Angel flanked by two readers of scripture

“Case by Casebolt” is a recurring series examining the prophetic interpretations that Ellen White appropriated from William Miller.

In my previous cases of prophetic interpretation, I have detailed specific examples of William Miller’s 15 prophetic proofs, which he thought confirmed that the second coming of Christ was predicted to occur in 1843. These cases demonstrated that Millerite interpretations were not plain, literal, or common sense but rather “fanciful” and “far-fetched,” as Adventist apologist F. D. Nichol stated. I have also documented that, as a teenager, Ellen White accepted Miller’s conclusions because she saw, through direct revelation, that God sent Miller regular angelic instructions and provided him with the interpretive ability to explain obscure time prophecies. She also claimed she was “shown” that S. S. Snow’s paper, “The True Midnight Cry,” was the “glorious light” coming from Christ’s “glorious” right hand. Her visions, she believed, were also supported by non-contextual (allegorical-typological-historicist) eisegesis of Bible texts.

But some readers may be thinking, “You have pointed out weaknesses in White’s reasoning, but what better alternative do you have to replace Miller’s/White’s interpretations?” So, I pause in dissecting a series of specific Millerite prophetic proofs to provide a broader, canonical perspective. It will demonstrate that the Millerites conflated a crucial dissimilarity between the biblical books of Daniel and Revelation. 

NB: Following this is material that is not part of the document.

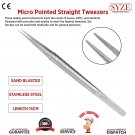 Dental Pointed Tweezers Tweezers & Forceps Micro Tools Straight Sand Blasted UK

To begin, I must first briefly survey Revelation’s history of interpretation. In the apostolic age, what became known as the preterist mode of interpretation predominated. This school believed that the bulk of events described in John of Patmos’s Apocalypse were previously fulfilled within a generation (or perhaps two) of its composition. These generations also believed that the second coming of Christ would be literal. However, when a literal and imminent second coming did not occur, they—like the later Millerites—considered other interpretations. When Nicene Christianity became the Roman Empire’s state church in 380, some said that God’s kingdom had come to earth in the guise of the church’s influential presence. Later in the 18th century, an interpretative school called futurism—originally developed by Jesuits—asserted that most of the events in Revelation would be fulfilled in a future immediately prior to the second advent. 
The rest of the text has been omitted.